The painting that appears small in this slide [The coming of the Makasar] belongs to the National Gallery’s collection and was collected by Jim Davidson in 1964. It was painted by Mawalan Marika in response to a question. Jim’s question to Mawalan was: how long have the Makasar been coming to Australia? Rather than give him dates, Mawalan painted this picture where he is contrasting or comparing the Makasar to the original ancestors, the Djan’kawu, who are now depicted in figurative form giving birth to the clans. So he’s not putting a precise date on it, but it’s definitely before white people turned up.
In Mathaman Marika’s painting to the right [Makasar Boiling Down Trepang], I find this particular work extraordinarily interesting in the sense of how clan designs can be modified and manipulated and how you actually read pictures or one way of interpreting them. The Makasans came at the beginning of every wet season, as you probably know, in search of sea cucumber and pearl shell. The sea cucumber they actually cured to transport back to the markets of Indonesia first but eventually China, and they would leave at the end of the wet season.
In Mathaman’s painting you can actually see in the two depictions of the Makasa prow or ship that the image in the middle actually shows the ship coming in to land. It’s coming in at the beginning of the wet season. All the crew are yellow, they are Makasans, they are Malays. In the bottom of the painting you can actually see the rigging from behind as though the ship is actually leaving the shores of eastern Arnhem Land. I am sure you can see that fairly clearly. But note too that some of the crew are painted black, and that records the fact that a number of Aboriginal people actually went back with the Makasar to Sulawesi, and there are Aboriginal families living there now.
There are a couple of other interesting aspects of this painting. In the top register you have actually a land scene. That is, you have people actually boiling up the trepang, the sea cucumbers, in large pots and they are standing on the earth. If you look at the clan pattern that represents the earth, it’s actually associated with the Rirratjingu clan and with the Djan’kawu ancestors. So that’s the earth-based form of that clan pattern. If you compare that to the bottom section register of the painting where you have the same clan design but it’s been modified into curves to indicate the sea. So it’s a very simple concept that works brilliantly. In the top centre of the painting, just by way of description, is a tamarind tree which is another of those things that the Makassar introduced into Australia.

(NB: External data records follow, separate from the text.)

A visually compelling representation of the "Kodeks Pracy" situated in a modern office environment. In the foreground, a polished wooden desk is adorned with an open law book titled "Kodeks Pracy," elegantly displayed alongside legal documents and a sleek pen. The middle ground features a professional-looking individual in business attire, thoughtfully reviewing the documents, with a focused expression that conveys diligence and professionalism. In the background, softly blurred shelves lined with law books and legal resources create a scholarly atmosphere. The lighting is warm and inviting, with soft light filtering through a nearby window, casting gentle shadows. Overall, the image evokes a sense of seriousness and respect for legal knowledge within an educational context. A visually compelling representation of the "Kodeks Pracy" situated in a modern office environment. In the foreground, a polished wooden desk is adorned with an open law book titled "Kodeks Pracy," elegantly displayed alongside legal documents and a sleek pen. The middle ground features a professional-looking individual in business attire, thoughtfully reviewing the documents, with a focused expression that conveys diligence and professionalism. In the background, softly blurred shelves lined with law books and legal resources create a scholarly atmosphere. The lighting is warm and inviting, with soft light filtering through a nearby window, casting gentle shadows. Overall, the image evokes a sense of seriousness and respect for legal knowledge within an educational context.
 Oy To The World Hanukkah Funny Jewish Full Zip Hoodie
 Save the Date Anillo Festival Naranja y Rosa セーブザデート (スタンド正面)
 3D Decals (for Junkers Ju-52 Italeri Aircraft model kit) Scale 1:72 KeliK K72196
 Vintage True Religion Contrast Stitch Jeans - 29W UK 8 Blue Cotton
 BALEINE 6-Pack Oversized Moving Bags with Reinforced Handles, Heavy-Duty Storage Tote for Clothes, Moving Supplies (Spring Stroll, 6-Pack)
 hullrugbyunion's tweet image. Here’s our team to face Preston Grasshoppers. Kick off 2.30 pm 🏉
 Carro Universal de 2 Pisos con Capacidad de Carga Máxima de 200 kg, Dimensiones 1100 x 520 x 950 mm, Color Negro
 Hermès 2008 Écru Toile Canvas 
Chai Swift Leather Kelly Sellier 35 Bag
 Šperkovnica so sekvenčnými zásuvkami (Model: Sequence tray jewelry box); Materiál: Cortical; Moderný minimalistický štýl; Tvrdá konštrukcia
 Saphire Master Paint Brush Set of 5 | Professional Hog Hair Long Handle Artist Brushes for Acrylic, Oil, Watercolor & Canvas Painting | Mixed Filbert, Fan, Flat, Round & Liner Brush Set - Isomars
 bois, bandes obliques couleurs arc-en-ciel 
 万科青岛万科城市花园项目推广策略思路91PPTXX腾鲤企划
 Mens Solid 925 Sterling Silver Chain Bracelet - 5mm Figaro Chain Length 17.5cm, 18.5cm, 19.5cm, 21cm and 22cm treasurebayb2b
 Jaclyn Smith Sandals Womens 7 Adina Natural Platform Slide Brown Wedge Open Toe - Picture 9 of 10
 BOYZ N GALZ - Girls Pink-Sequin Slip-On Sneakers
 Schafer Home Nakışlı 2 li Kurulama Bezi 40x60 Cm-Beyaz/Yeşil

We are going to change subjects now and go to the Wägilak sisters, and again we are going to use, if you like, a Western analogy. In terms of the exhibition Old Masters, as Genevieve pointed out, the title itself is in many ways provocative and multi-layered in terms of how you may interpret it. It alludes to the notion perhaps of black art on white walls. Are we looking at this art through Western eyes? Can we help but look at it through Western eyes for most of us or from other eyes that are not Aboriginal? The task of putting together exhibitions like this is to actually try to put all of us into the artists’ shoes or into Aboriginal people’s shoes, into Arnhem Land shoes, and see pictures through their eyes and see how they will react to them to gain a deeper understanding across cultures. The title of the exhibition begs for comparisons with Western art. I think these are valid in terms of coming to understand a concept, but once you understand the concept you can throw out the model that you had brought in from the west.
In the top left we have another painting Nativity by Fra Angelico of two people, a couple of animals - a donkey and a cow - looking at this glowing baby. It looks like it’s been irradiated or something. No wonder they look worried. But the picture is allegorical in a sense, in the same way that paintings of the Wägilak sisters are allegorical too in terms of their being about the creation of particular laws – the laws of marriage, the laws of society, the coming together, the coming of the first monsoon to Arnhem Land, the environment, et cetera. But like the nativity scene, they too work on a visual structure of elements and place which, once you recognise them, you know is the subject of the work.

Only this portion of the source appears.